Dear Jane and the JST team,
I recently sampled for a project way outside my comfort zone that drew on a bunch of your lessons. I wanted to reproduce a “Perugia towel” (a medieval cloth like the ones in the V and A museum. (e.g. https://collections.vam.ac.uk/item/O123093/towel-unknown/ )
These towels are woven on a linen warp, with cotton pattern weft. The body of the towel is typically point twill or broken diamond twill. After doing the Huck and Twills project (season 5 episode 9) this felt like a familiar idea!
I wound my warp with 2/8 cotton (what I had in stash in white) and used all 12 shafts with a point threading. I watched the Monk’s Belt and Overshot episodes (season 6 episodes 3 and 4) to understand how to do the pattern sections (this is also called Opphämta I think, but I’m still researching the history of the weave to understand how it’s woven on a draw loom).
I used the episode on Block Analysis (season 6 episode 9) to draft some 6-unit block designs and interpreted each unit with two shafts as a simple float. Then I got to weaving!
Discovering how to reproduce the blue repp weave sections on the same warp took experimenting with sett. I ended up opening to 15 epi and using 2/8 cotton over three and four ends to be able to pack the weft down to cover the warp.
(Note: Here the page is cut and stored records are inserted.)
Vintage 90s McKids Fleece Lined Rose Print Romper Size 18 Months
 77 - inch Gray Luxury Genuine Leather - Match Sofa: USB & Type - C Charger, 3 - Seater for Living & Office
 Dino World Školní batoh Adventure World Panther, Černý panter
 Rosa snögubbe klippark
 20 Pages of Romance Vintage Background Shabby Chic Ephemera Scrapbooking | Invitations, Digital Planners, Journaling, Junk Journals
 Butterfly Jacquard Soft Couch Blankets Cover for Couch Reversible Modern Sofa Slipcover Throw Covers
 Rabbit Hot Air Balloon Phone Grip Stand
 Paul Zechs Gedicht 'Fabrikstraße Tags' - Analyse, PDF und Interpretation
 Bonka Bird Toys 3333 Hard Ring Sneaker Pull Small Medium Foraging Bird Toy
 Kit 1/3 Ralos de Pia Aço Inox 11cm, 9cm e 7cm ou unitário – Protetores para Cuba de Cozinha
The end result looks exactly like the historical towels, and I’m over the moon! This project used so much knowledge I’ve acquired from the online school of weaving that I thought you’d love to know how I’ve applied it!
Attached are pictures of the finished towel sample showing the amazing drape, details of each pattern band, and the cloth from the “good side”. One final note: the middle section with lettering was done with a pick up stick, since I don’t have a draw loom. It was laborious!